Republican U.S. Senate candidate Ron Johnson speaks during a televised debate Thursday, Oct. 13, 2022, in Milwaukee. (AP Photo/Morry Gash)

By Joe Zepecki
October 19, 2022

Incumbent Republican U.S. Senator Ron Johnson faced off with his Democratic challenger, Lieutenant Governor Mandela Barnes, in the second of two debates last week in Milwaukee. A spirited affair, it was the very last topic of the night that people are still talking about days later.

Moderator and WTMJ-4 reporter Charles Benson asked each candidate to share something they admired about their opponent. Barnes got the first response, and answered it in the spirit intended, saying, “The senator has proven to be a family man and that is admirable.” 

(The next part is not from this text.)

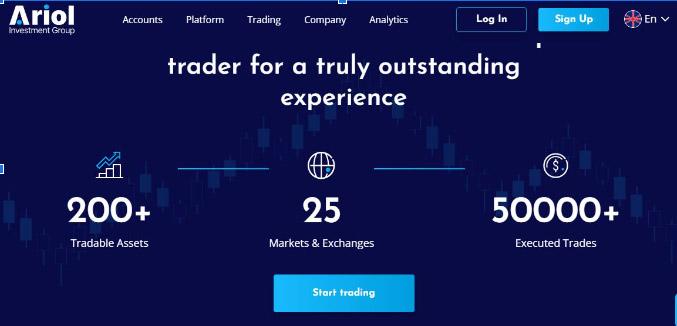 Ariol Investment Group Opinie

Johnson began in a similar vein, praising Barnes’ family upbringing with a nod to the Lt. Governor’s parents – a longtime public school teacher and third shift union worker – before veering into the fever swamps with what is surely the most disgusting, shameful, and classless answer ever given in a United States Senate debate in Wisconsin. 

“I guess what puzzles me about that is with that upbringing, why has he turned on America, and why does he find America awful,” said Johnson.

Johnson’s response isn’t just insulting, it’s clearly wrong, and demonstrates the very worst of our politics. There’s, to put it mildly, a lot going on here. Let’s break (some of) it down:

  • Barnes routinely tells audiences that “my story is only possible in America” – a reference to being born in one of the most troubled zip codes in America and today finding himself with a meaningful career fighting to make “better possible.” If that’s not love and appreciation for America, what is?
  • What Johnson seems to be referring to with the word “awful” is an out-of-context video clip circulated by far right MAGA Republicans in which Barnes discusses America’s founding, presumably pointing out that if you were a Black person in America at the time the Constitution was written you were only considered three fifths of a person and were likely enslaved – which is, in fact, “awful.”
  • We’ve all heard the old saying, ‘if you don’t have anything nice to say, don’t say anything at all’ (or some version of it). That was an option available to Senator Johnson last week. Instead he made a conscious choice to engage in the vilest form of political “discourse” there is. If you remember anything at all, remember that, Mr. Johnson chose to go there.

When the audience reacted with boos and jeers, they made a choice too. The difference between those choices of course, is theirs was defensible. Senator Johnson’s wasn’t.